Plus, for what it's worth (for those of you who read the first garden post), so far nothing at all seems to be bothering my morning glories.  No blooms yet, but they're vining all over the place and pretty morning flowers shouldn't be that far away now.

Friday, July 4, 2014

Tumor Markers (or more good news!)

Chagall - Dance
This weekend I spent a day with a bunch of fabulous ladies who I've been friends with since my days as an overstressed and insecure undergrad (yes, that's right they knew me when and like me anyway, how about that?).  It was a wonderful time, and, truth be told, it was also just what I needed.  I've been a bit of a stressmonger with all this cancer stuff, and hanging out with old friends chatting, eating, and mulling over life was really nice.

And, you know what else was really, really nice (and cancer related)?  While I was there I got a call from my husband telling me I got a report in the mail from my doctor with the results from a recent tumor marker test which, like my scan results, point to good news.

I had gotten a blood work order in the mail in late March or early April that indicated I'd be getting the usual cancer blood work and also something called CA27.29.  At the time, reading the list of tests, I had actually assumed this CA business was something to do with calcium--not true, but what I thought at the time.

In fairness to myself, Ca is the chemical symbol for calcium and bone mets can put too much calcium into the blood because it dissolves the bones and Xgeva can leave you with too little calcium in the blood because keeps the bones from dissolving in a superpowered kind of way, so it wasn't that crazy a guess (or at least that's what I tell myself).

I really do try not to get my cancer knowledge unquestioned from the internet, but of course I later googled it.

It's obviously true that I'm not an oncologist and also true cancer doesn't give you super cancer knowledge because it turns out CA 27.29 has nothing at all to do with calcium.  The CA actually stands for "cancer antigen" and, as it happens, the test checks levels of a specific something that cancer can give off into the blood (for anyone interested, the best website I found on it is here).

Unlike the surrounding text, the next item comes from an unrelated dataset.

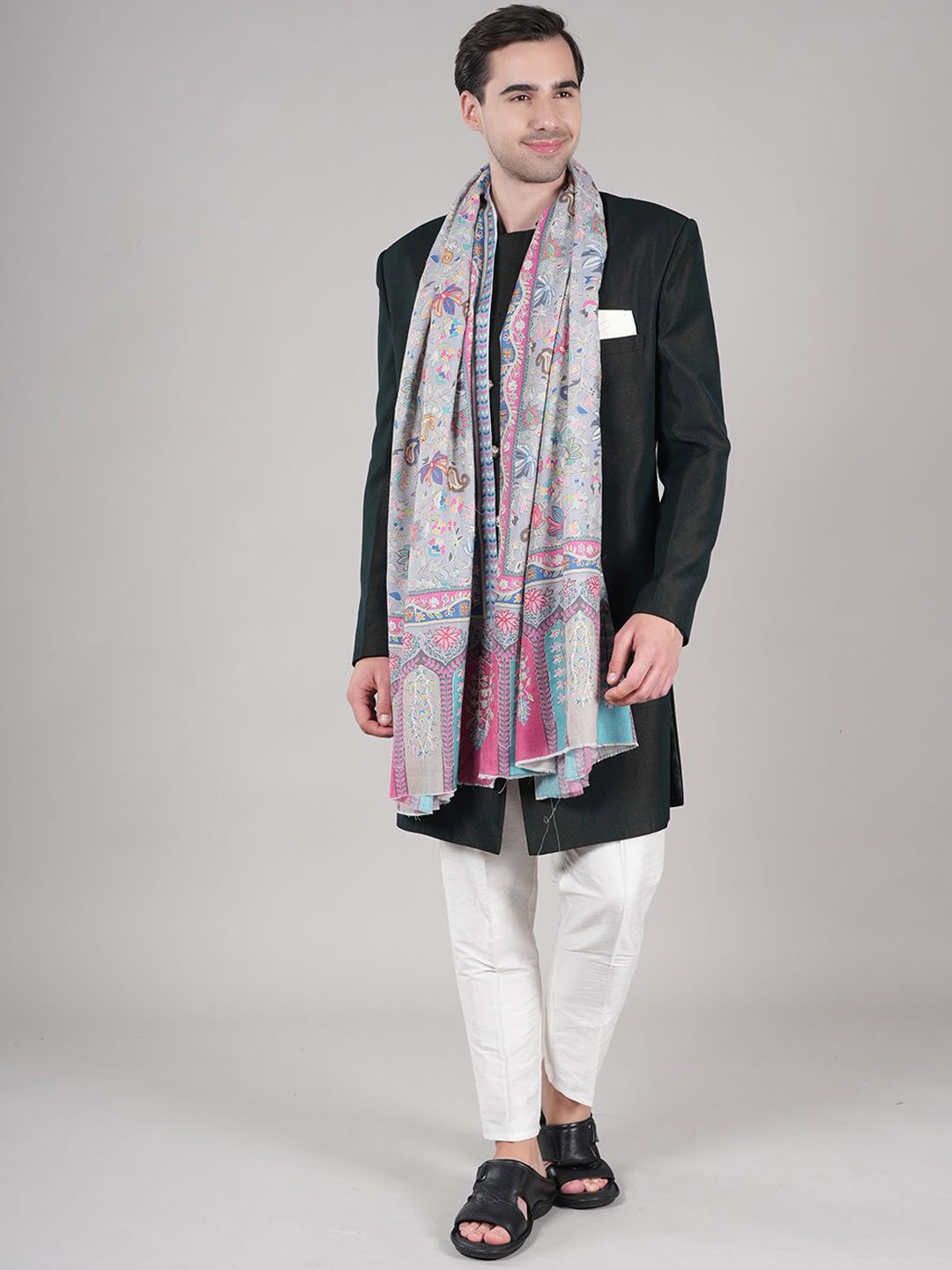 

MUFFLY Ethnic Motifs Printed Pure Wool Shawl, Blue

I'd read other people posting about "tumor markers" and it turns out that these are what they were talking about--who knew?

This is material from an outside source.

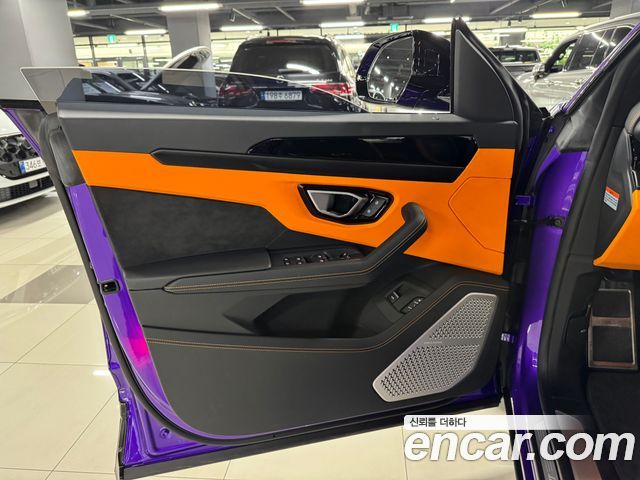 Lamborghini Urus 2024 — photo 6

So, not to belabor the point (or at least not to belabor it more than my belabor loving self can't help but do), I had the same test again on my blood work order for June and I got a report in the mail last Saturday.  The report listed my CA 27.29 lab report for June and a note from my oncologist:
This tumor marker came down from [number here] in April--Looks good
I'm still not an oncologist, and I do understand that at some point things will most likely change and we'll need more and more different treatments and "out of the woods" isn't something that happens with metastatic cancer, but when my oncologist says "Looks good," well, what the heck, I'll take it!